"A project eight years in the making, the Trabantimino serves as a document of a series of negotiations and concessions between its two sources. On the one hand, the Trabant represents the late Socialist economy of the former East Germany, while the El Camino emblemizes American high capitalist systems of production. The resultant object, like the lowrider culture to which it pays homage, seems to revel in its flashiness, extending and retracting on its hydraulic haunches—practically grinning through the chrome of its grill."
         ––– Chad Alligood, Liz Cohen and the Look of Labor, David Klein Gallery, 2012


As I built the Trabantimino, I became the bikini model that would represent it.

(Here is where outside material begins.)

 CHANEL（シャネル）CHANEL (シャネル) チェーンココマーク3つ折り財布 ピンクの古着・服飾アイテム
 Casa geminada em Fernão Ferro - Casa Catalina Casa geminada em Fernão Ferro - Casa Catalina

That effort resulted in
three bodies of photographic work: BODYWORK, Zwickau Routine, and Along the River Road.
Each body of work documents the location of the car, its state of construction, and the characters
who surround it.

BODYWORK documents the several years I spent building the Trabantimino as an apprentice at
Elwood Bodyworks. Bill Cherry, my mentor, let me use his tools. He and the other guys at the
shop constantly reminded me of the 5 P's: Proper Planning Prevents Poor Performance.

The images from Zwickau Routine were shot at the former Trabant factory in once East Germany.
30,000 workers built 3 million cars over a 30 year period. Their jobs and the Trabant fell with the
wall.

Along the River Road documents the Trabantimino during its test drive in Texas along the Rio
Grande. The hydraulic technology that powers the transformation of the Trabantimino is borrowed
from the lowriding cultures of the southwest.